Synthesis entry (no new run) — closes questions/quantization.md by collecting the
recall-for-bytes results already measured across history/008–037.
The question
Quantization cuts the bytes streamed per query, targeting the memory-bandwidth
bound from 001/002. Which point on the recall↔bytes tradeoff is best for the
within-cell scan — and is shrinking bytes always worth the recall cost?
What we built and learned
| Quant family | Entries | Verdict |
|---|---|---|
| Scalar int8 (full-precision scan) | 008 | Works, but the binary funnel dominates it on QPS at equal recall. |
| Binary 1-bit (sign) funnel | 009, 012, 013, 016 | The winner. Sign-bit Hamming scan → top-C → f32 rerank. Scan runs at the popcount/bandwidth floor (012: popcount autovectorizes to VPOPCNTDQ; multi-accumulator hurts, −2.2×). |
| Multi-bit prefix codes | 014, 027 | More bits per dim don't pay their bandwidth vs spending the same budget on rotation. |
| Asymmetric / LUT distance | 010, 011 | LUT lost once popcount was re-priced (012). |
| Rotation (FWHT / SRHT, RaBitQ-style) | 026, 029 | Random rotation before sign-binarization is the recall knob — rescues recall at fixed bit budget, at popcount speed. Orthogonal to the scan kernel. |
| RaBitQ unbiased estimator | 028 | The (2·maskedΣ − Σq)/‖o′‖₁ estimator works and is unbiased, but doesn't beat the plain funnel's QPS. |
| Smaller rerank store (int8 / bf16) | 015, 037 | Negative. Shrinking the rerank vectors doesn't help — we're popcount-bound on the scan, not bandwidth-bound on the rerank. 037 (bf16) lost recall for no QPS. |
Conclusion
The recall-for-bytes question is answered end-to-end: the rotated binary funnel
(1-bit sign scan + f32 rerank, with random rotation as the recall dial) is the
Pareto frontier for the within-cell scan. Going below 1 bit isn't meaningful here;
going above 1 bit (prefix, int8) doesn't pay; shrinking the rerank tier
(int8/bf16) is a dead end because the rerank isn't the bottleneck. This is the same
engine that beat HNSW-in-cell at high dimension in 043.
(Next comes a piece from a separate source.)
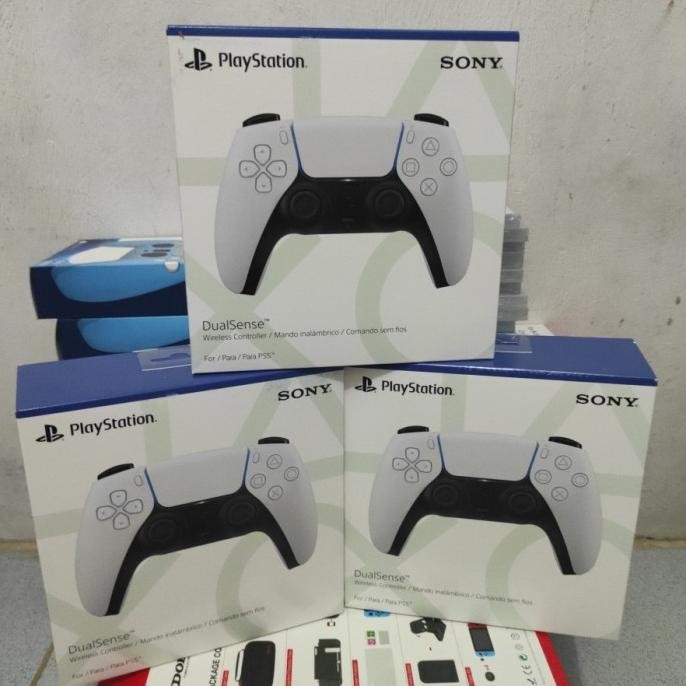 Produk Baru Stick Ps5 Stik Ps5 Dualsense Wireless Controller Ps5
Remaining open branch (untested)
Product Quantization (k-means subspace codebooks + ADC table lookup) and
extended RaBitQ B-bit codes were never built. PQ is a fundamentally different
mechanism — codebook reconstruction via lookup tables, not bit-truncation of the
raw vector — so it isn't covered above. It's the one quantization family worth a
future entry if we revisit this axis. Caution: the LUT-distance result (011) is
the bar — table lookups lost to autovectorized popcount once re-priced, so PQ's ADC
must clear that same bar to be worth it.